The SARS-CoV-2 virus, which emerged in 2019 in Wuhan, China, spread all over the world in a short time and became a pandemic by causing COVID-19 disease. This disease, which affects the immune system, causes fever and cough in people, and in some serious cases, it causes pneumonia [1]. Although it is a serious disease, approximately 80% of people have mild to moderate disease and do not need any treatment [2,3]. However, people whose immune system is not strong enough and who have chronic disorders have this disease severely and in very serious cases, they are hospitalized in intensive care units [4]. COVID-19 disease is considered a serious illness because it is highly permeable and contagious. In addition, the COVID-19 disease is seriously affecting health systems. Furthermore, the scarcity of intensive care units, long treatment periods and insufficient hospital resources clearly demonstrate the impact of this epidemic on the health system [5]. Today, vaccines have been developed and started to be used to combat COVID-19. However, although vaccines are developed, the virus rebuilds itself and constantly reveals various variants. Some studies have shown that the efficacy of vaccines and antibodies against new variants is reduced [6,7]. It has also been observed that the new variants are more contagious [8]. For these reasons, it is important to diagnose the disease at an early stage to prevent such problems. To fight COVID-19 disease, the genetic characteristics of SARS-CoV-2 disease should be well known. Thanks to the genetic characteristics of the virus, various drug and vaccine treatments related to COVID-19 disease can be revealed [9,10]. SARS-CoV-2 virus consists of four main structural proteins; spike glycoprotein (S), membrane glycoprotein (M), small envelope glycoprotein (E), and nucleocapsid protein (N) [11]. In Fig. 1 , the genetic structure of the SARS-CoV-2 virus is given.

Fig. 1.

Genetic structure of the SARS-CoV-2 virus [12].

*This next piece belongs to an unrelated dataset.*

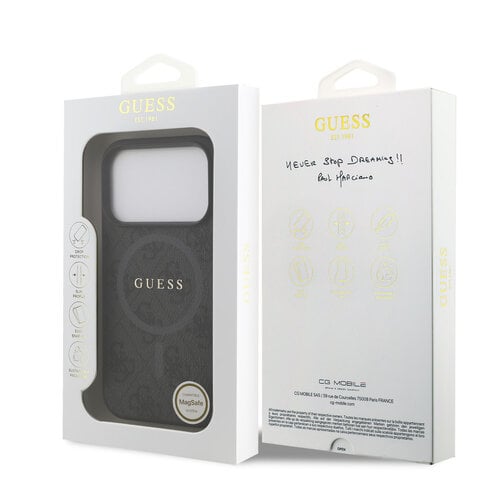 Guess Guess iPhone 17 Pro/iPhone 18 Pro Coque arrière MagSafe similicuir PU Logo 4G classique - Noir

Understanding how these virus proteins interact with host cells for survival and reproduction is of great importance for the development and use of drugs [13]. Viruses communicate with host cells through protein-protein interactions. Protein interactions between viral and host are responsible for the entire life cycle of the virus [14]. This cycle includes infection of the host cell and replication of the viral genome. Therefore, the identification of protein interactions between virus and host proteins provides information about how virus proteins work, how they replicate, and how they cause disease. Analysis of interactions between proteins elucidates processes such as immunity, cellular signaling, replication, and cellular division. In addition, viral-host interactions constitute a potential target for antiviral therapies [15]. Experimental approaches are frequently used to determine interactions between proteins and between virus and host. These approaches generate a large amount of data and are costly in terms of both time and laboratory equipment [16]. The most used experimental methods are YTH (Yeast Two Hybrid), GST Pull-Down, NAPPA (Nucleic Acid Programmable Protein Array) and APMS (Affinity Purification Mass Spectrometry) [14]. Yet, protein interactions vary according to the experimental methods. Because experimental methods are based on both environmental and operational processes, false positive and false negative results may occur [17]. Because of these problems and disadvantages, computational-based approaches are more preferred, and their popularity is constantly increasing [18,19].

Computational approaches were also used in this study and viral-host interactions between SARS-CoV-2 and human proteins were predicted. The study consists of four stages. In the first stage, viral-host interaction data between SARS-CoV-2 and human were obtained. In the second stage, the protein sequences were mapped by numerical mapping methods. For this purpose, fifteen protein mapping methods were used. These methods are AESNN1, Atchley factors, AVL-tree (Adelson, Velsky and Landis), binary encoding, BLOSUM62 (Blocks Substitution Matrix), CPNR (Complex Prime Number Representation), EIIP (Electron-Ion Interaction Potential), FIBHASH (FibonacciHash), hydrophobicity, entropy-based, Meiler parameters, Micheletti potentials, Miyazawa energies, PAM250 (Point Accepted Mutation), and Z-scale. In the third stage, a deep learning model was designed and viral-host interactions between SARS-CoV-2 virus and human proteins were classified. In the last stage, the performances of the numerical mapping methods were determined by the evaluation criteria of accuracy, sensitivity, specificity, AUC score and F1-score. The highlights of the study can be summarized as follows:

• •In this study, viral-host interactions between SARS-CoV-2 and human proteins were predicted by computational approaches.
• •To the best of our knowledge, proteins were analyzed for the first time in this study using AVL-tree, entropy-based, and FIBHASH methods.
• •In this study, viral-host interactions between SARS-CoV-2 and human proteins were effectively classified by deep learning.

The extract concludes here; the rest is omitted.